[Source data]
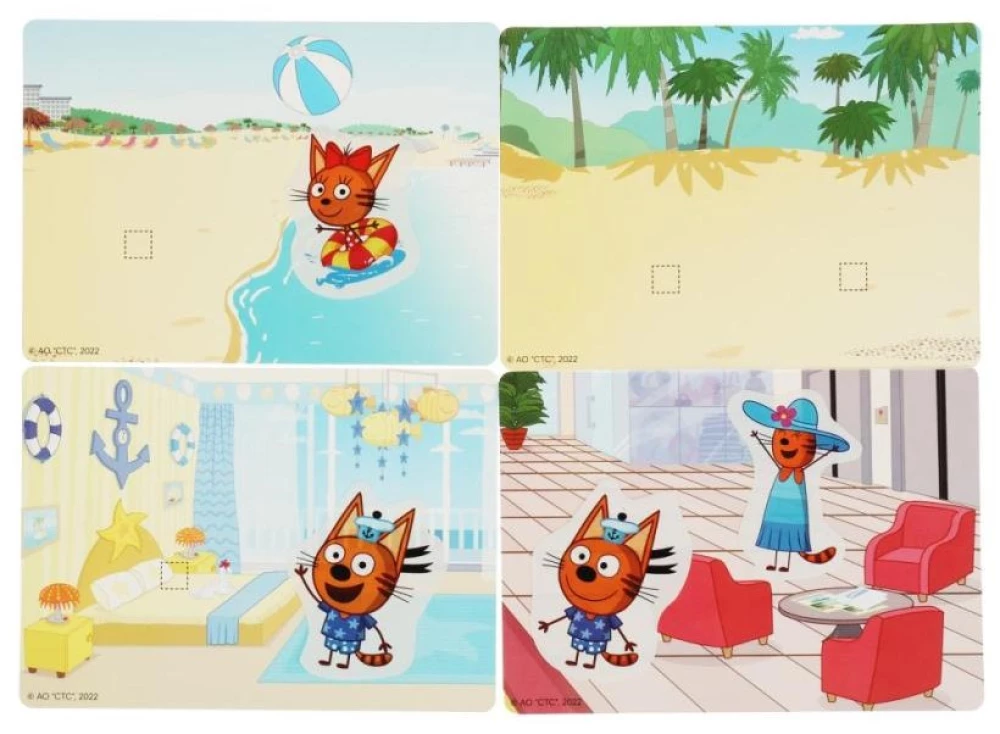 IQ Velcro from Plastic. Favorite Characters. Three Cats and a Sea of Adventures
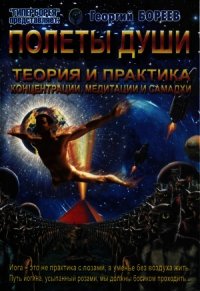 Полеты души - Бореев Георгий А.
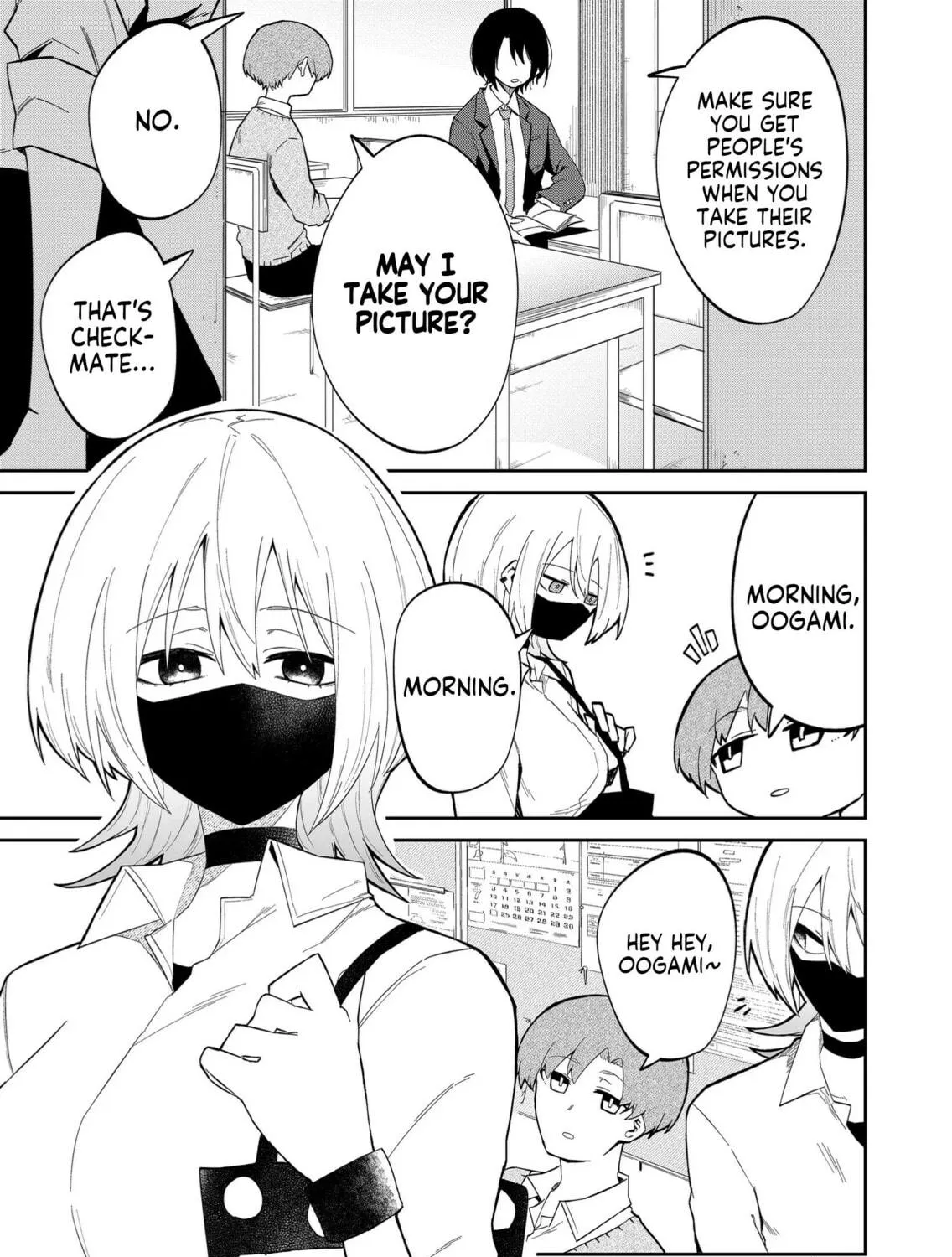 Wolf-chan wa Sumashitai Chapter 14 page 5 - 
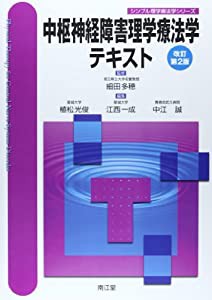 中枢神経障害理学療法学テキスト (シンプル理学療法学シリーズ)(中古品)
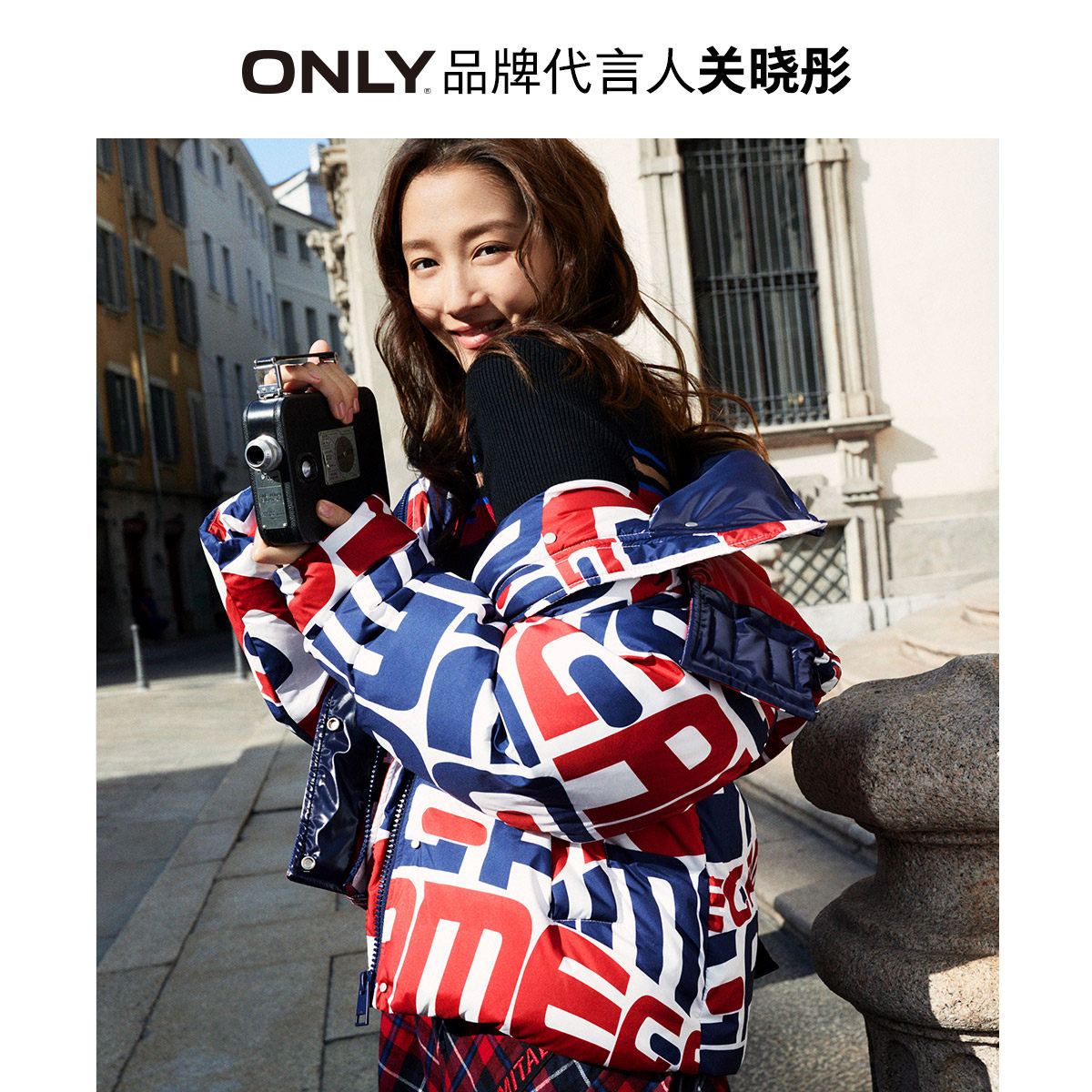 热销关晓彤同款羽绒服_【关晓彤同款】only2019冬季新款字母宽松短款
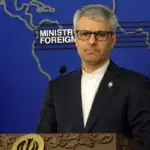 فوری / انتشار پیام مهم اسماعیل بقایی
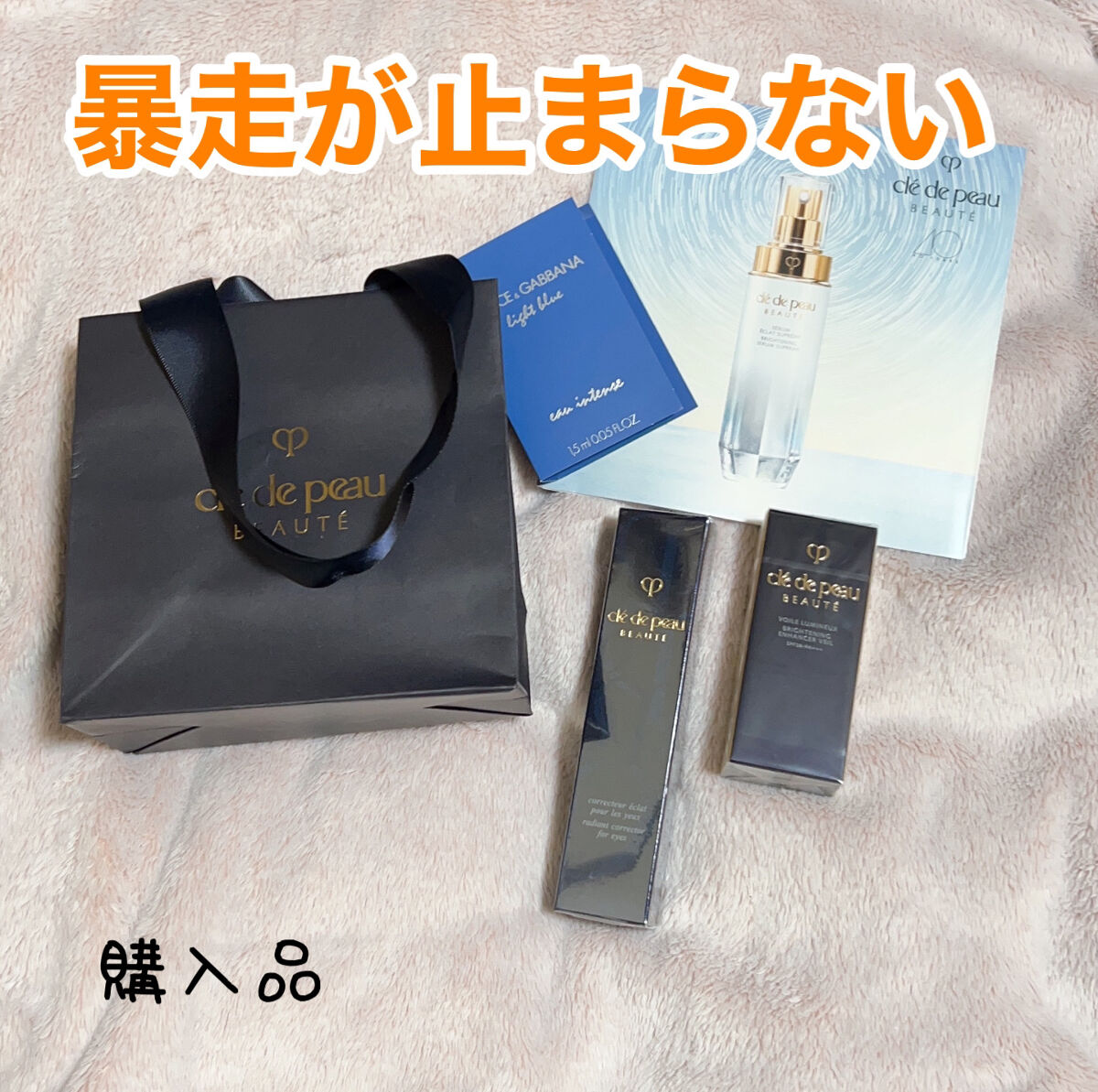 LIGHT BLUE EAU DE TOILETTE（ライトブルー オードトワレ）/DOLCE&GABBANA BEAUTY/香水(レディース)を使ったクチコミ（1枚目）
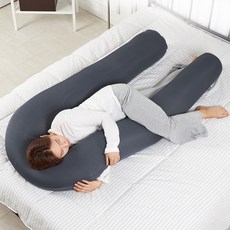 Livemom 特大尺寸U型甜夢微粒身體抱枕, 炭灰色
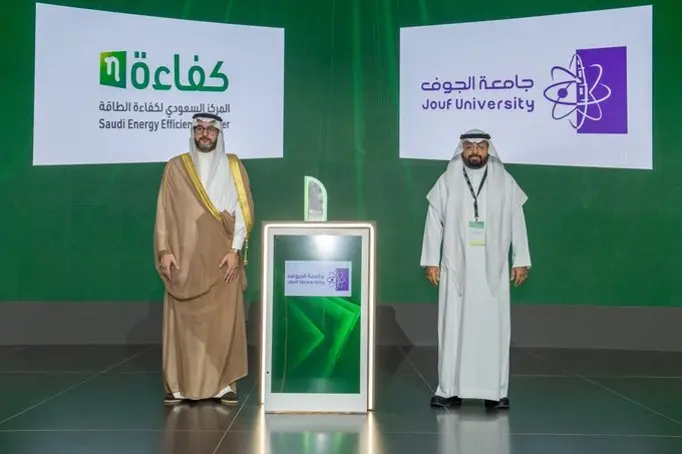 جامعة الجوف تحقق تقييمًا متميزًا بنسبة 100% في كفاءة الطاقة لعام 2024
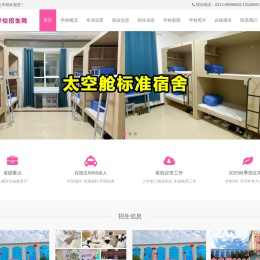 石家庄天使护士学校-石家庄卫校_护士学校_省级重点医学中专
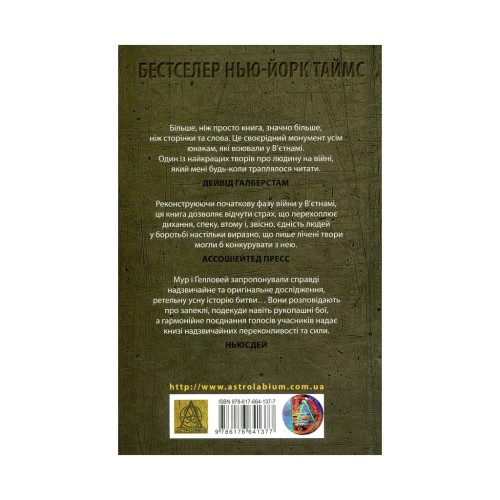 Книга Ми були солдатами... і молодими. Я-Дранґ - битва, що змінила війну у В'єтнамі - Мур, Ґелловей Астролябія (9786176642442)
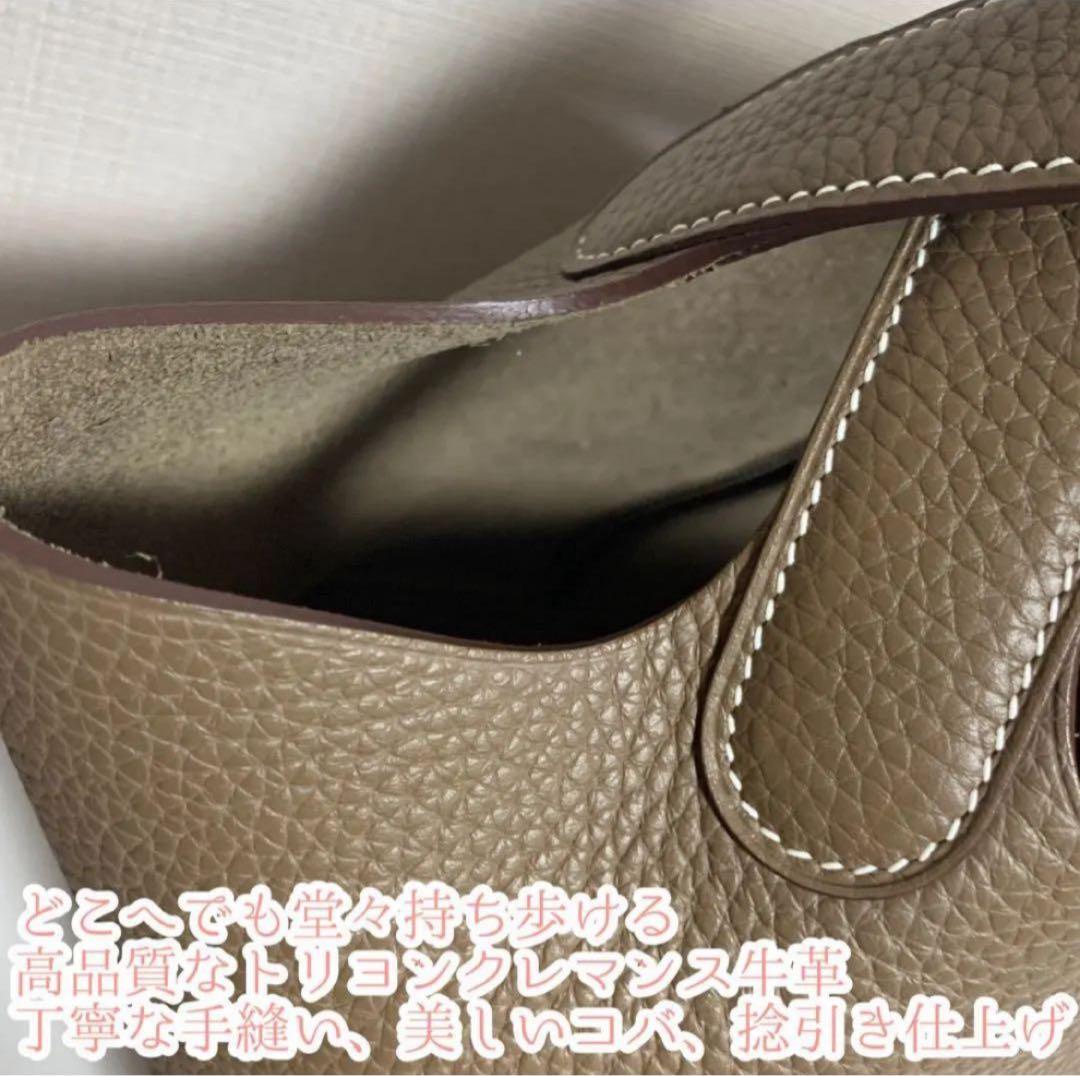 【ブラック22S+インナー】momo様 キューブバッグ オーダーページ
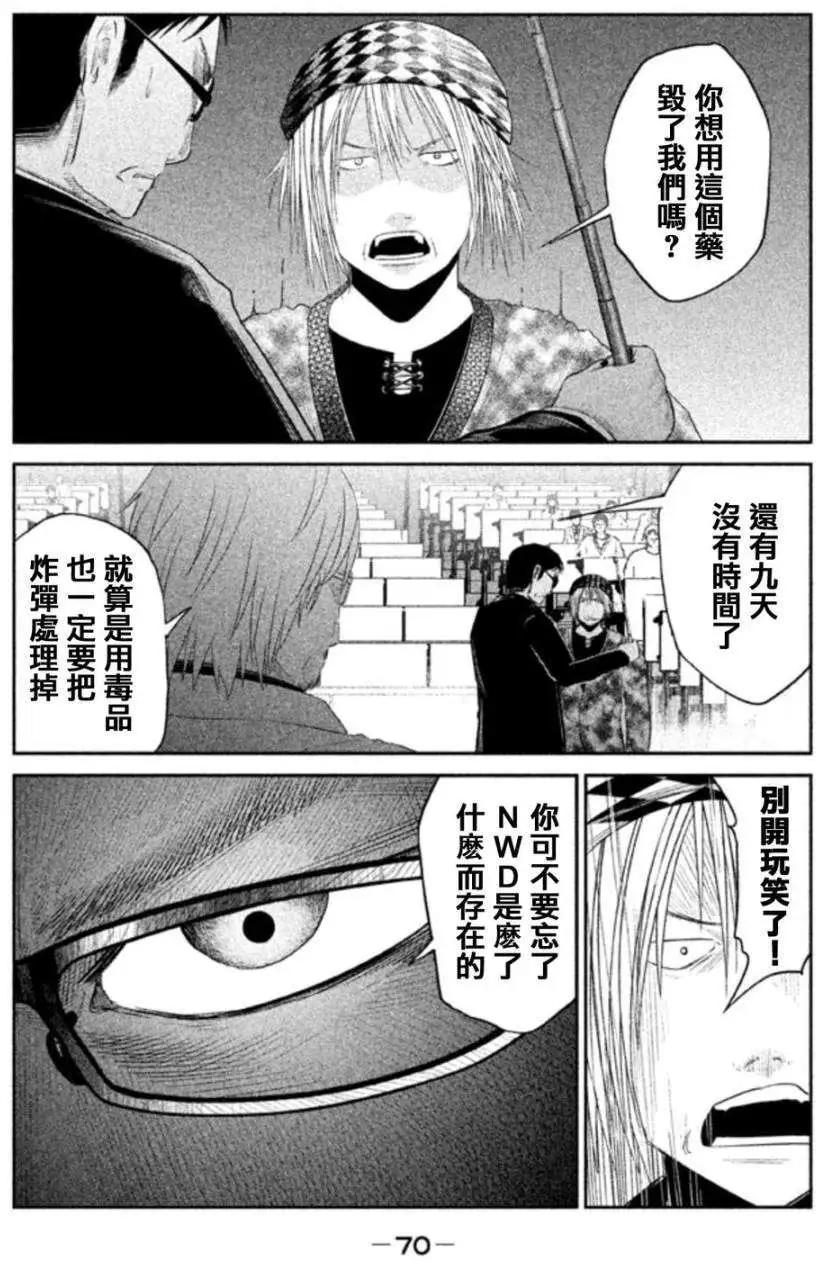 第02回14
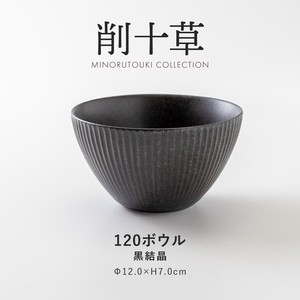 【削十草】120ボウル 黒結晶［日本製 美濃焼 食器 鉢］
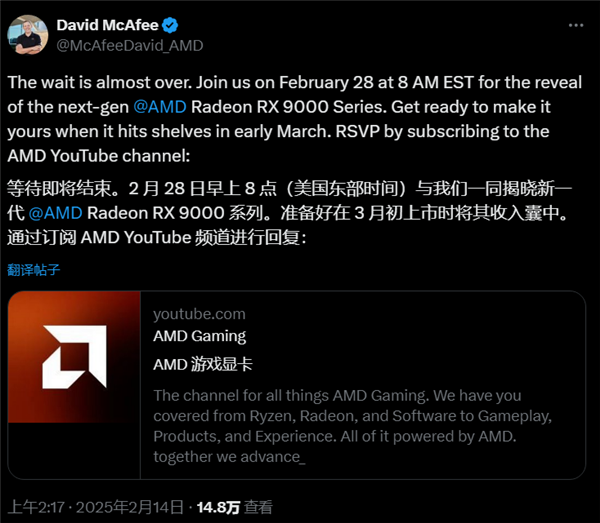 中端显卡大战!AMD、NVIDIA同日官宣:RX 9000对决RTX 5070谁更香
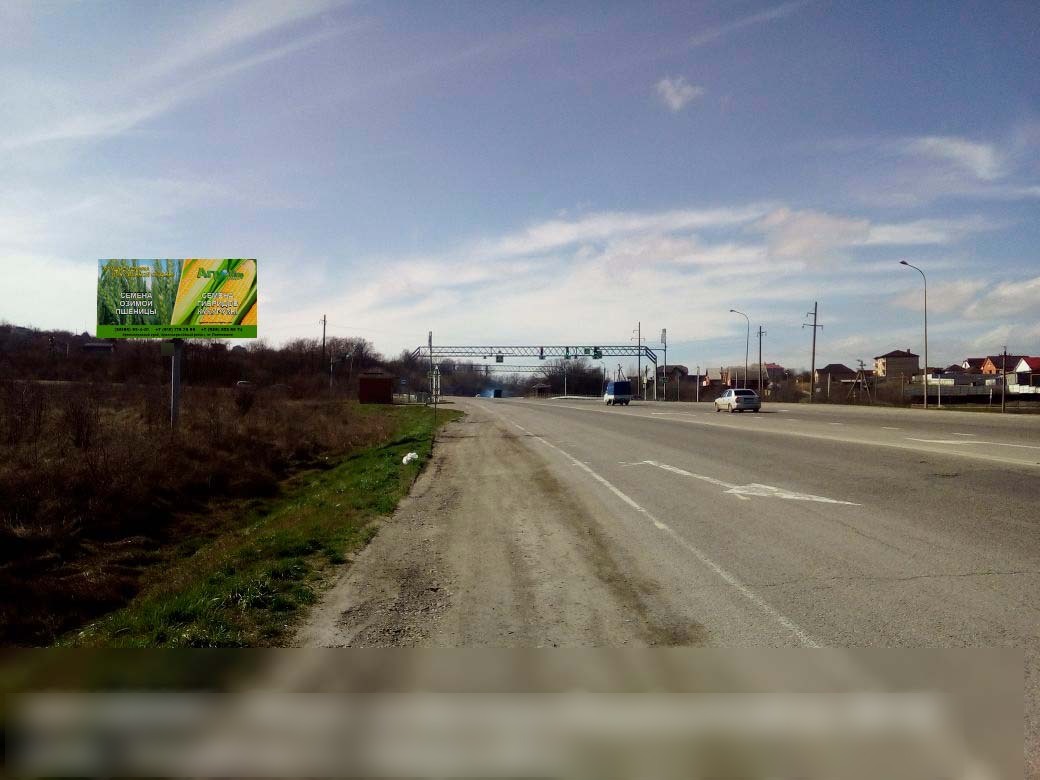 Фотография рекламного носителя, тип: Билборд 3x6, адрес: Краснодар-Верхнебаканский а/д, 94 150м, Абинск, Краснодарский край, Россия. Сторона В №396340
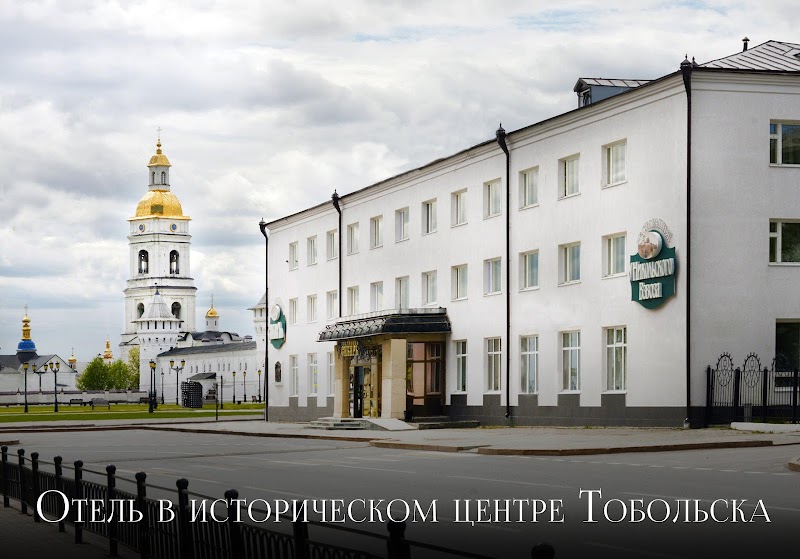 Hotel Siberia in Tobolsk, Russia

* AIM OF THE TASK:
All the records above must be retyped exactly, except for their pictures.

* REPLY:
 IQ Velcro from Plastic. Favorite Characters. Three Cats and a Sea of Adventures
 Полеты души - Бореев Георгий А.
 Wolf-chan wa Sumashitai Chapter 14 page 5 - 
 中枢神経障害理学療法学テキスト (シンプル理学療法学シリーズ)(中古品)
 热销关晓彤同款羽绒服_【关晓彤同款】only2019冬季新款字母宽松短款
 فوری / انتشار پیام مهم اسماعیل بقایی
 LIGHT BLUE EAU DE TOILETTE（ライトブルー オードトワレ）/DOLCE&GABBANA BEAUTY/香水(レディース)を使ったクチコミ（1枚目）
 Livemom 特大尺寸U型甜夢微粒身體抱枕, 炭灰色
 جامعة الجوف تحقق تقييمًا متميزًا بنسبة 100% في كفاءة الطاقة لعام 2024
 石家庄天使护士学校-石家庄卫校_护士学校_省级重点医学中专
 Книга Ми були солдатами... і молодими. Я-Дранґ - битва, що змінила війну у В'єтнамі - Мур, Ґелловей Астролябія (9786176642442)
 【ブラック22S+インナー】momo様 キューブバッグ オーダーページ
 第02回14
 【削十草】120ボウル 黒結晶［日本製 美濃焼 食器 鉢］
 中端显卡大战!AMD、NVIDIA同日官宣:RX 9000对决RTX 5070谁更香
 Фотография рекламного носителя, тип: Билборд 3x6, адрес: Краснодар-Верхнебаканский а/д, 94 150м, Абинск, Краснодарский край, Россия. Сторона В №396340
 Hotel Siberia in Tobolsk, Russia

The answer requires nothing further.